La fidelidad es un compromiso con lo pactado. Es cumplir una promesa, no romper un acuerdo, no traicionar un vínculo. Es mantenerse dentro de los límites marcados, aunque por dentro ya no quede casi nada.
En cambio, la lealtad es otra cosa. Es algo que no se firma, que no se exige, pero que se siente o no se siente. La lealtad nace del corazón, no de una norma. Es elegir a alguien incluso cuando podrías elegir marcharte. Es decir la verdad cuando mentir sería más fácil. Es no jugar a dos caras, es no usar a las personas como salvavidas emocionales.
Y yo, que he caminado por la cuerda floja entre el amor y el dolor, entre lo que debí dejar ir y lo que me resistía a soltar, me he dado cuenta de algo:
He sido fiel, sí. Pero sobre todo, he sido leal.
He sido leal incluso cuando ya no quedaba reciprocidad. He sido leal cuando no se me pedía nada, pero yo sentía que debía estar. He sido leal con quien no supo valorar el peso de mi presencia ni la profundidad de mi silencio.

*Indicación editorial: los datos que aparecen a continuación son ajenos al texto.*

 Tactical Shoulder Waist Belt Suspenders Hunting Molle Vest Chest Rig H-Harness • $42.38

Y sí, también he cometido errores. He dudado, he fallado, he tenido miedo. Pero nunca he traicionado mi esencia. Nunca he jugado con los sentimientos de nadie. Nunca he estado con alguien mientras mi alma seguía atada a otra persona sin decíselo.
Mi lealtad no ha sido perfecta, pero ha sido real. Me he roto por dentro antes de romper una verdad. Y si alguna vez pareció que no estaba, que me alejaba, era porque necesitaba cuidarme, entenderme, reconstruirme… no porque quisiera dañar.

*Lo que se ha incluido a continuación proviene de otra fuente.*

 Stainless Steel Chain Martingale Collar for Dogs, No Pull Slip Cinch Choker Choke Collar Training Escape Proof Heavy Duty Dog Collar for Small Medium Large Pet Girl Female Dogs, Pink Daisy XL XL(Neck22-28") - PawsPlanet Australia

Ser leal duele. Porque implica quedarse cuando duele, decir lo que arde, mirar a los ojos cuando uno está roto. Porque implica no rendirse con facilidad, no soltar a la primera. Pero también implica saber irse cuando lo que está en juego es tu dignidad.
Y eso también he aprendido: que ser leal no es sinónimo de permitir que te arrastren. Que también se es leal cuando uno se marcha para no destruirse. Que hay amores que no se traicionan ni siquiera cuando se terminan.
Hoy puedo decirlo sin miedo: no soy perfecto, pero he sido de verdad. Y eso, en un mundo de atajos emocionales y promesas a medias, es mi mayor acto de amor.
Porque al final, cuando todo se apague, cuando todo se enfríe, o cuando todo se transforme… ojalá alguien recuerde esto:
“Fui tuyo incluso cuando ya no era necesario serlo. No por fidelidad, sino por lealtad.”